- [AIM OF THE EXERCISE]:
From the entries below, reproduce exactly the lines from the one with "Lever blade set yz80 85 - blade, yz80/85" through the one with "Patio, Natural landscape, View", both included, without images.

- [INPUT]:
↓↓↓

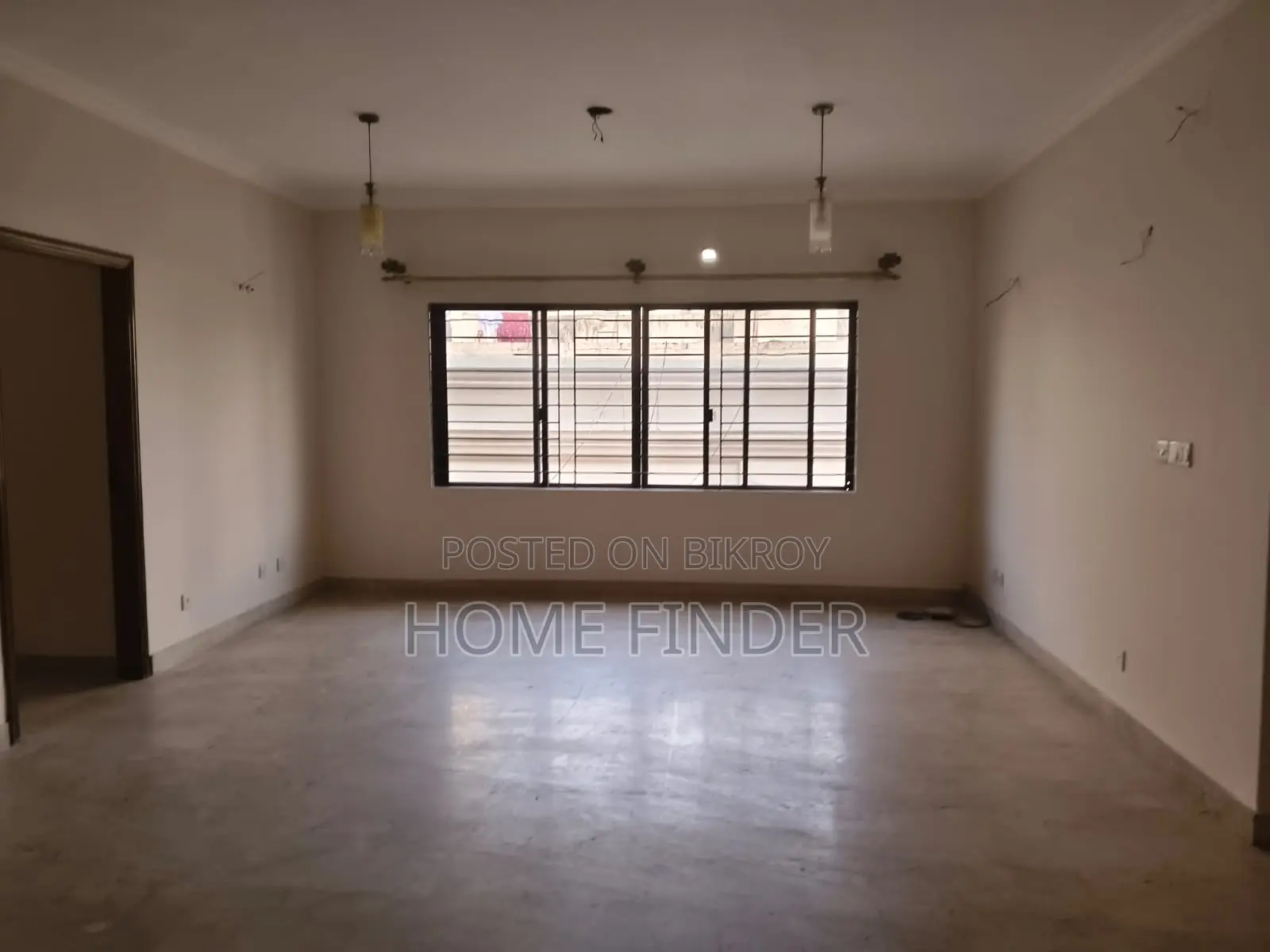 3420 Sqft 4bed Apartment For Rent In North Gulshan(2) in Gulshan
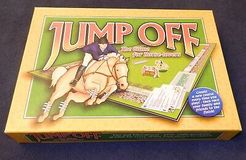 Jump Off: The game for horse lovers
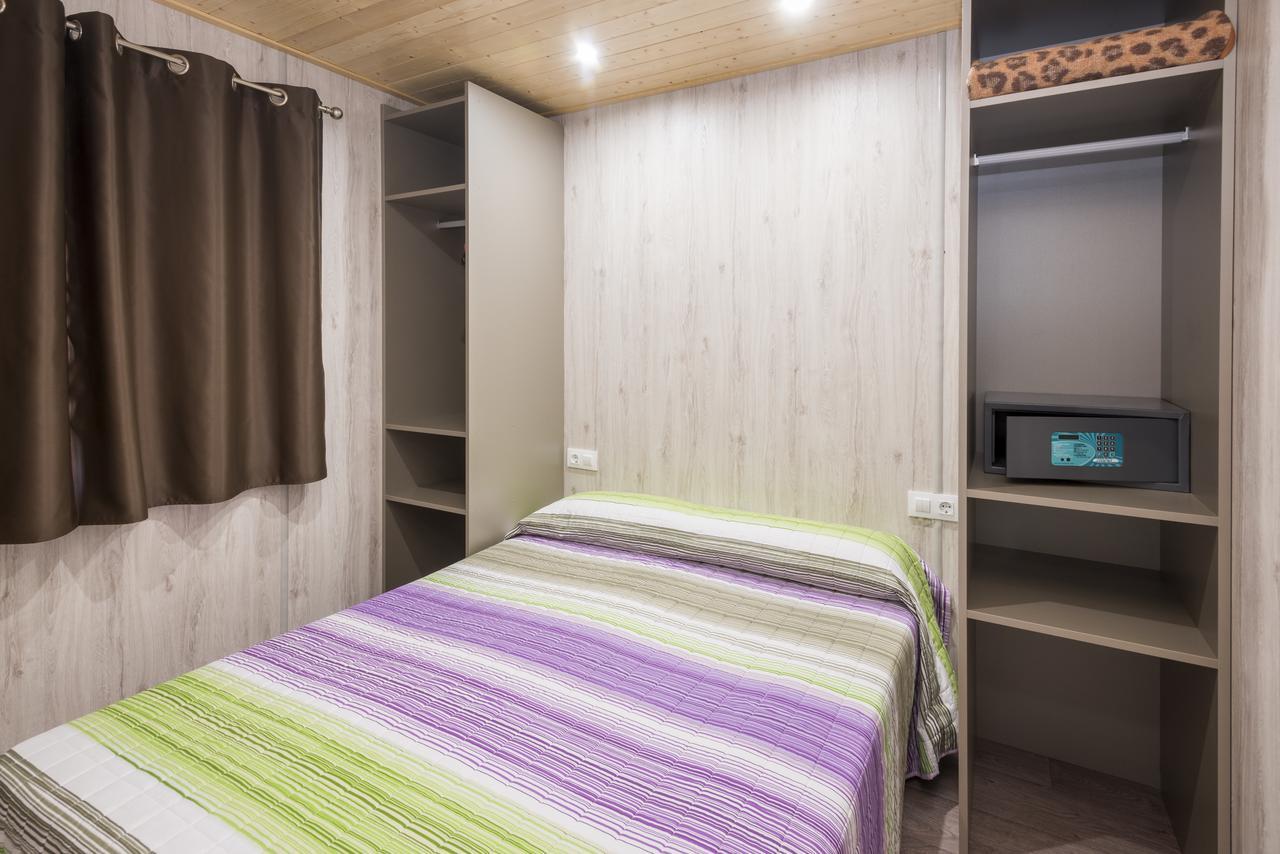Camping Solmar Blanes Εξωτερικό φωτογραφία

↑↑↑
↓↓↓

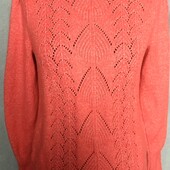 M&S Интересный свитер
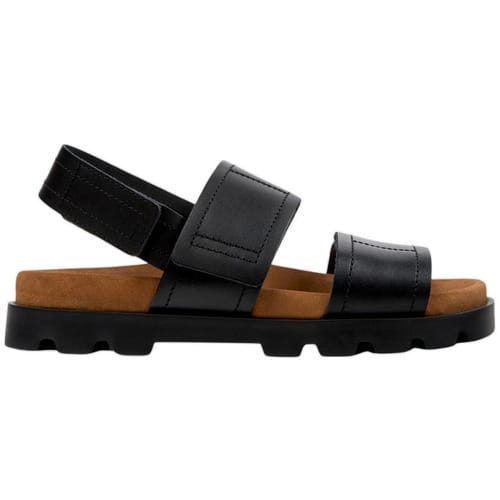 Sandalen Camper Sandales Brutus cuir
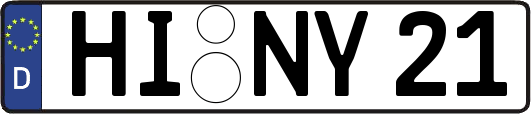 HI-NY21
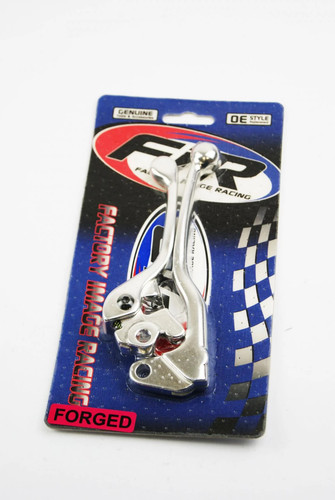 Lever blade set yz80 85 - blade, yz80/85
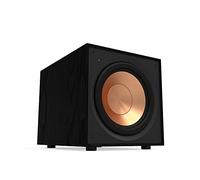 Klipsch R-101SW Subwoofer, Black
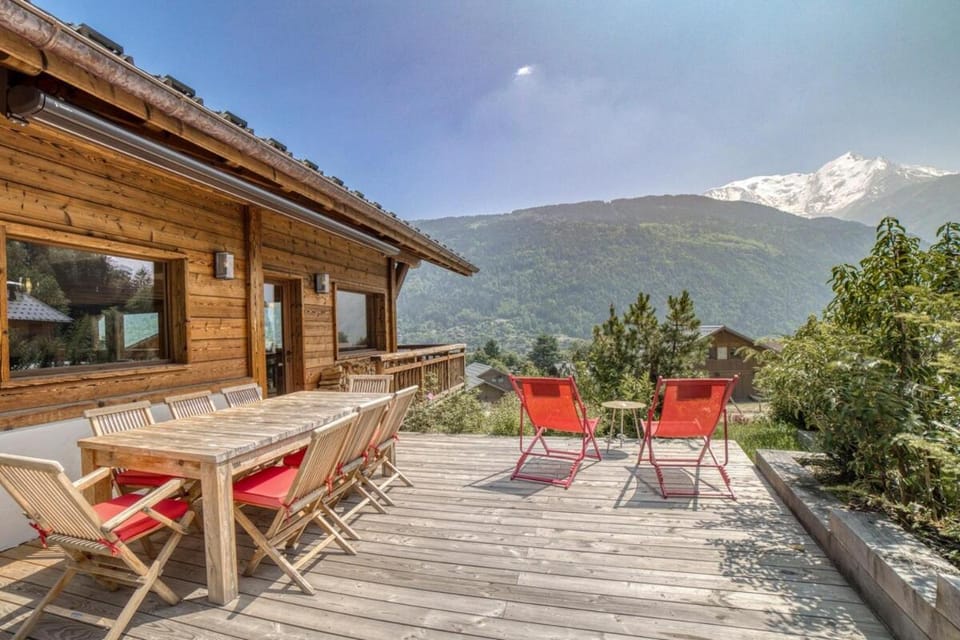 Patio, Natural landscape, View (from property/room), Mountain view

↑↑↑

- [EXERCISE RESPONSE]:
 Lever blade set yz80 85 - blade, yz80/85
 Klipsch R-101SW Subwoofer, Black
 Patio, Natural landscape, View (from property/room), Mountain view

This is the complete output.